**WORK REQUEST:** Report every line below that holds the word "preview".

**PROVIDED INFORMATION:**
^^^^^^^^^^^^^^^^
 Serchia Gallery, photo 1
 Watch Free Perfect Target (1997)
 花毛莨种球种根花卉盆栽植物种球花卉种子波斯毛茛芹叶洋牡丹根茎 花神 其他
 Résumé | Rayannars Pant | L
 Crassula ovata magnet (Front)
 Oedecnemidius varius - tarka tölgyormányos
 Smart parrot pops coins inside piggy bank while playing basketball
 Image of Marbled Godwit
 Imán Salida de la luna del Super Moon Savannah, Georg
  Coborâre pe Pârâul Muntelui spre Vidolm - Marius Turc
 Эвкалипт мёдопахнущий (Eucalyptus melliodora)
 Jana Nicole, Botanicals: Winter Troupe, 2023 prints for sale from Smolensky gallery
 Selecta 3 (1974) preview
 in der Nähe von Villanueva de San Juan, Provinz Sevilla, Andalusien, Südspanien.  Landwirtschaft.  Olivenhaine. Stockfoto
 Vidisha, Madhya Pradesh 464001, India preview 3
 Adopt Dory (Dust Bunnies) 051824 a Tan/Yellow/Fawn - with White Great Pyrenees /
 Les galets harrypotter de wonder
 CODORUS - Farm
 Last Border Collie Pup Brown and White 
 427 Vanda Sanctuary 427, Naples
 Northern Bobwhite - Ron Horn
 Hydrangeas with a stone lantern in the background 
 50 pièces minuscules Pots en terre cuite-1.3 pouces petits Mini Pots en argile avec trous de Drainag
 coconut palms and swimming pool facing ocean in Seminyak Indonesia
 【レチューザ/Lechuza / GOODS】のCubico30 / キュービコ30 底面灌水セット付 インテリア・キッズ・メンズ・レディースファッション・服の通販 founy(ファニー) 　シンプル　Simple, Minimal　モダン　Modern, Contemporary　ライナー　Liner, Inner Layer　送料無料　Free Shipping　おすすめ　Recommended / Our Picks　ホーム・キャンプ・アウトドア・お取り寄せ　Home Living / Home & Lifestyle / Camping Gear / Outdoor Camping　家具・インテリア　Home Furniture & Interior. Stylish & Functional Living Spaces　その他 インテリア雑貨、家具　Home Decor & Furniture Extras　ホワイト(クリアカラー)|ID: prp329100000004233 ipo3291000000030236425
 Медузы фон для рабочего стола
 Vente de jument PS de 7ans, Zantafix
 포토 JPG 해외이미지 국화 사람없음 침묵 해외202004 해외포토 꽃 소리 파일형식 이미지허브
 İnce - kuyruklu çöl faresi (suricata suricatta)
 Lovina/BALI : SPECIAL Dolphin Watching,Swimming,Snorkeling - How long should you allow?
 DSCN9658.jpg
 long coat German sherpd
^^^^^^^^^^^^^^^^
**YOUR RESPONSE:**
 Selecta 3 (1974) preview
 Vidisha, Madhya Pradesh 464001, India preview 3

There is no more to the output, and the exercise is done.